Ze moet hem echt haten." Cato Isaksen gaf geen antwoord. Zijn
oog viel op een gezin dat voor een verlicht raam zat te eten in een
huis waar ze langsreden. Hij herinnerde zich hoe zijn oudste zoon
hem had verafschuwd, toen hij was gaan samenwonen met Sigrid Velde.
Een paar maanden later was het bijna helemaal fout gegaan, toen
zijn zoon experimenteerde met drugs en helemaal de weg kwijt was.
Cato Isaksen was toen diep in de put geraakt. Het gevoel van
mislukking zou hem nooit meer helemaal loslaten, zelfs al ging het
nu goed met zijn zoon. "Jeanette Myren is een druk meisje", ging
Randi Johansen verder. "Wat vind jij?"
"Nou ja, meisje..." reageerde Cato Isaksen. "Hoelang gaan we door
vandaag?" Randi keek even op haar horloge. "Gaan we Remy Steen nog
verhoren?" Cato Isaksen haalde zijn schouders op. "Over een paar
dagen misschien", zei hij. "Alles op zijn tijd. Ik denk dat we ons
eerst moeten concentreren op de musicus die die brief heeft
geschreven waar Ellen een berichtje over stuurde. En op Axel Blad.

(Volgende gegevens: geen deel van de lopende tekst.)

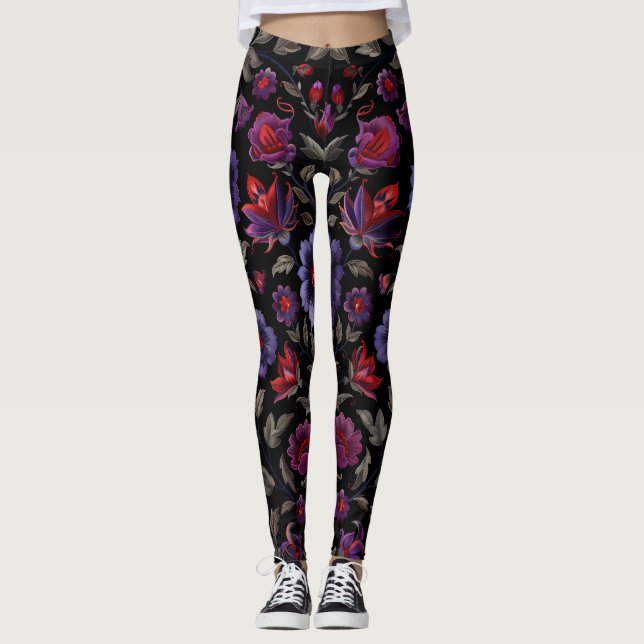 Leggings Elegancia oscura: Patrón floral negro y púrpura (Anverso)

Hij heeft geen alibi. Een verfomfaaide, vergeten, goudkleurige
adventsster hing aan een draadje voor het raam. De rechercheurs
kwamen voor een korte bespreking bij elkaar rond de ovale tafel in
de vergaderkamer. Afdelingschef Ingeborg Myklebust was, tot Cato
Isaksens grote opluchting, niet aanwezig bij de eerste
evaluatiebijeenkomst. De politie had zo vroeg in het onderzoek
natuurlijk geen concrete sporen, alleen fragmentarische beelden van
wat er gebeurd zou kunnen zijn. Randi Johansen verdween om koffie
te halen en kwam terug met een blad met kopjes en een halfvol blik
speculaasjes met een rode deksel. Terwijl ze de kopjes verdeelde,
kwamen de rechercheurs een voor een binnen. Björn Thorsen en Stein
Billington gingen naast elkaar zitten. Asle Tengs pakte de stoelen
die tegen de wand stonden en schoof ze naar de tafel toe. Toen kwam
Ellen Grue met de plastic zak met daarin de brief en de papieren
die ze had gevonden. Ze keek Cato Isaksen even aan. Het duurde een
paar tellen voor ze besloot waar ze zou gaan zitten. Uiteindelijk
nam ze recht tegenover hem aan de andere kant van de tafel plaats.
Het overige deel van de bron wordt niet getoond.